A stillbirth is defined as the death of a fetus at any time after the 20th week of pregnancy. Stillbirth is also referred to as intrauterine fetal death (IUFD).
It is important to distinguish between a stillbirth and other words that describe the unintentional end of a pregnancy. A pregnancy that ends before the 20th week is called a miscarriage rather than a stillbirth, even though the death of the fetus is a common cause of miscarriage. After the 20th week, the unintended end of a pregnancy is called a stillbirth if the infant is dead at birth and premature delivery if it is born alive.
Factors that increase a mother's risk of stillbirth include: age over 35; malnutrition; inadequate prenatal care; smoking; and alcohol or drug abuse.
Causes & symptoms
A number of different disorders can cause stillbirth. They include:
Pre-eclampsia and eclampsia. These are disorders of late pregnancy characterized by high blood pressure, fluid retention, and protein in the urine.
Diabetes in the mother.
Abnormalities in the fetus caused by infectious diseases, including syphilis, toxoplasmosis, German measles (rubella), and influenza.
Severe birth defects, including spina bifida. Birth defects are responsible for about 20% of stillbirths.
Postmaturity. Postmaturity is a condition in which the pregnancy has lasted 41 weeks or longer.
Unknown causes.
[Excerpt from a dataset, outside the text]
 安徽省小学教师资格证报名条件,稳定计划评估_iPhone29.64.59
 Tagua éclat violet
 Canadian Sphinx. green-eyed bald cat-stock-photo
These account for about a third of stillbirths.
In most cases the only symptom of stillbirth is that the mother notices that the baby has stopped moving. In some cases, the first sign of fetal death is premature labor. Premature labor is marked by a rush of fluid from the vagina, caused by the tearing of the membrane around the baby; and by abdominal cramps or contractions.
When the mother notices that fetal movement has stopped, the doctor can use several techniques to evaluate whether the baby has died. The doctor can listen for the fetal heartbeat with a stethoscope, use Doppler ultrasound to detect the heartbeat, or give the mother an electronic fetal nonstress test. In this test, the mother lies on her back with electronic monitors attached to her abdomen. The monitors record the baby's heart rate, movements, and contractions of the uterus.
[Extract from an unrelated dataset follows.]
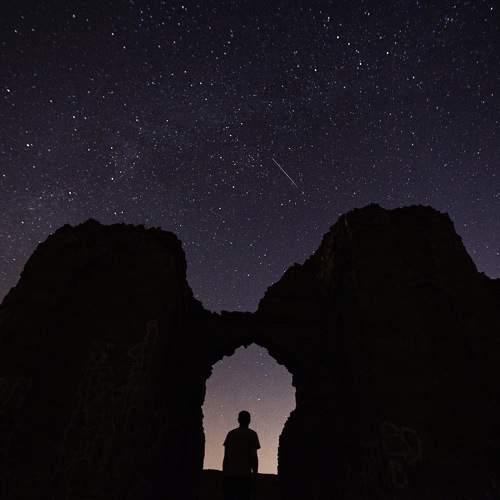 Photo #9414654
In most cases of intrauterine death, the mother will go into labor within two weeks of the baby's death. If the mother does not go into labor, the doctor will bring on (induce) labor in order to prevent the risk of hemorrhage. Labor is usually induced by giving the mother a drug (oxytocin) that cause the uterus to contract.
Emotional support from family and friends, self-help groups, and counseling by a mental health professional can help bereaved parents cope with their loss.
With the exception of women with diabetes, women who have a stillbirth have as good a chance of carrying a future pregnancy to term as women who are pregnant for the first time.
The risk of stillbirth can be lowered to some extent by good prenatal care and the mother's avoidance of exposure to infectious diseases, smoking, alcohol abuse, or drug consumption. Tests before delivery (antepartum testing), such as ultrasound, the alpha-fetoprotein blood test, and the electronic fetal nonstress test, can be used to evaluate the health of the fetus before there is a stillbirth.